TASK STATEMENT:
Within the lines below, find those that hold the string "from" and copy each one.

DATA FOR PROCESSING:
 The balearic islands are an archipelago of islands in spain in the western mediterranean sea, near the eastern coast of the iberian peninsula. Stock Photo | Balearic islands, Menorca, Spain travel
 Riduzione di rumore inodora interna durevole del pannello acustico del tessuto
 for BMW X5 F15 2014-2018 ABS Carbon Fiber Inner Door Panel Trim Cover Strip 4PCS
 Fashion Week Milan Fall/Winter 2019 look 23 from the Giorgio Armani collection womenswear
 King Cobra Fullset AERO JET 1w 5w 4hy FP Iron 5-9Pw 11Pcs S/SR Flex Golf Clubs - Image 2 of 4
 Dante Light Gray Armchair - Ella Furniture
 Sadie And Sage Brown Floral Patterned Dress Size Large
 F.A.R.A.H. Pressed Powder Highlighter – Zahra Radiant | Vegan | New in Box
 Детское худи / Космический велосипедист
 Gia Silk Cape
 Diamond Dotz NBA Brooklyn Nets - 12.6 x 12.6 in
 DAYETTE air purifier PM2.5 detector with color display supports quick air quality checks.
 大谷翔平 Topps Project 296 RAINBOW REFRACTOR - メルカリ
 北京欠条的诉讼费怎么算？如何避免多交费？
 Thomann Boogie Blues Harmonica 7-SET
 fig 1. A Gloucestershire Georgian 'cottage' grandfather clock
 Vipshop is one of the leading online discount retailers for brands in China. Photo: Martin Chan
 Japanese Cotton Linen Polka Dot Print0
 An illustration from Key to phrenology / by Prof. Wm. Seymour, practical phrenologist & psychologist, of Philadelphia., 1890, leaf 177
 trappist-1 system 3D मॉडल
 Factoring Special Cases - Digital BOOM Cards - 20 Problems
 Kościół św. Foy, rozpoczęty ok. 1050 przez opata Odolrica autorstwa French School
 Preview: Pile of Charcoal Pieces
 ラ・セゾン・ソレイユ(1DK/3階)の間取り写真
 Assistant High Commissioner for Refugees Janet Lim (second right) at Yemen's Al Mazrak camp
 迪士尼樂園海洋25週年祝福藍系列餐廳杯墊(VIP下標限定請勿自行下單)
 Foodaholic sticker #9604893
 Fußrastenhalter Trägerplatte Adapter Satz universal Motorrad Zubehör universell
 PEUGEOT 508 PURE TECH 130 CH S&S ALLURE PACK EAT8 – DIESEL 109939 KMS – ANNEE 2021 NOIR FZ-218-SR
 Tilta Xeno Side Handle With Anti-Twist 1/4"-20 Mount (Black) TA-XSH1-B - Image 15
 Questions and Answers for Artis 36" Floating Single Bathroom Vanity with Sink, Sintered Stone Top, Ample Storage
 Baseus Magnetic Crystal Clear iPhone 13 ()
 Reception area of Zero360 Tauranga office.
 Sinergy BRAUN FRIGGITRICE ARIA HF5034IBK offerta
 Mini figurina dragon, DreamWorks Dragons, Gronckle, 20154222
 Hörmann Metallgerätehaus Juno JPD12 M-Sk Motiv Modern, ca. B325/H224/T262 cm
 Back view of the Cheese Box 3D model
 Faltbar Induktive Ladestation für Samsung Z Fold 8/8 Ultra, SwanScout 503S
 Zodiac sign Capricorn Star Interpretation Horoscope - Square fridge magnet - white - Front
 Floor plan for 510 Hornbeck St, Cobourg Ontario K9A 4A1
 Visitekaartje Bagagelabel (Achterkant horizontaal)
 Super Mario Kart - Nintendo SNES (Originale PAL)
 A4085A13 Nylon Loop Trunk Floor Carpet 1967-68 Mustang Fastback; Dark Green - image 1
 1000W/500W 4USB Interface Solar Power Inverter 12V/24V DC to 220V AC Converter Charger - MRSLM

EXPECTED ANSWER:
 Fashion Week Milan Fall/Winter 2019 look 23 from the Giorgio Armani collection womenswear
 An illustration from Key to phrenology / by Prof. Wm. Seymour, practical phrenologist & psychologist, of Philadelphia., 1890, leaf 177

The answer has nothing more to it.